Per capire però quanto costoro siano lontane dal genuino spirito del genere, basta considerare l’odio (parlare di avversione è troppo blando) che costoro hanno dimostrato verso l’altro grande della heroic fantasy, Robert E. Howard, da loro considerato l’epitome del maschilismo, e il suo eroe, il barbaro Conan. Io pubblicai diversi anni fa sulla rivista “La soglia” un articolo in difesa di Conan di cui vi consiglierei la lettura, dovrebbe essere reperibile on line. In realtà, Scacco, prigioniero di una visione rigidamente progressista-scientista fa coincidere il concetto di fantasy con quello di anacronismo. Esplici come nel caso di Tolkien, sottintesi in quello di molti altri, l’heroic fantasy contiene elementi di pensiero tradizionale, ma tradizione non significa anacronismo, bensì principi atemporali cui è possibile rifarsi in qualsiasi momento storico, e assolutamente incompatibili con una concezione di sinistra.

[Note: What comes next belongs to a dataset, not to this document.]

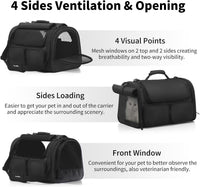 FUKUMARU Cat Carrier, Airline Approved Dog Carrier with Rollable Cover – Essentials for Cats - Black - image 4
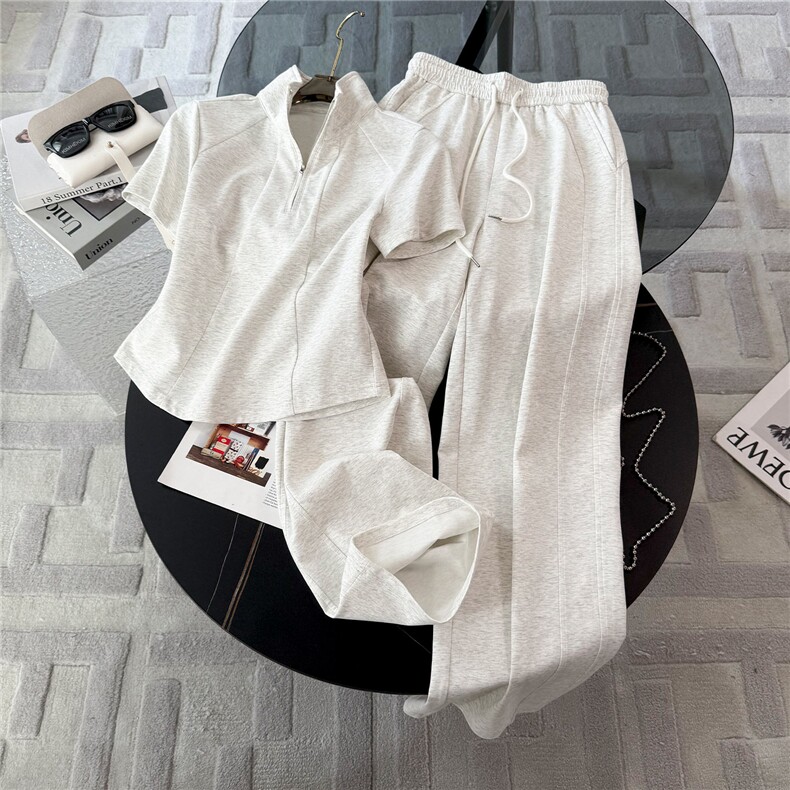 女夏季新款韩版时尚休闲运动套装连帽短袖卫衣高腰阔腿裤两件套潮，女装套装/套裙，江南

Io ho l’impressione che Scacco abbia avuto un’intuizione importante, ma l’abbia resa in modo distorto: la sinistra è anacronistica, e lo era già ben prima della caduta dell’Unione Sovietica nel 1991. Già allora la pretesa dei “compagni” di essere progressisti, come spesso si definivano (e continuano a definirsi) era infondata e ridicola, se pensiamo che da almeno vent’anni praticamente tutta l’innovazione scientifica e tecnologica di cui potevano disporre i Paesi comunisti dipendeva da ciò che il KGB riusciva a rubacchiare in Occidente. Il comunismo si dimostrava un grande distributore di oppressione e miseria ma anche di sterilità intellettuale. Marx ha scritto: “Il mulino a braccia ci da il sistema feudale, il mulino a vapore ci da il sistema capitalistico”. Prescindiamo dal fatto che nell’epoca feudale si usavano mulini ad acqua e a vento, e che per tornare alle mole a mano bisogna risalire al neolitico. Il problema è che “i compagni” sono rimasti all’epoca del mulino a vapore, a quella di un generale pauperismo delle società occidentali. Credono di essere progressisti, ma in realtà hanno la testa girata all’indietro di centoottanta gradi.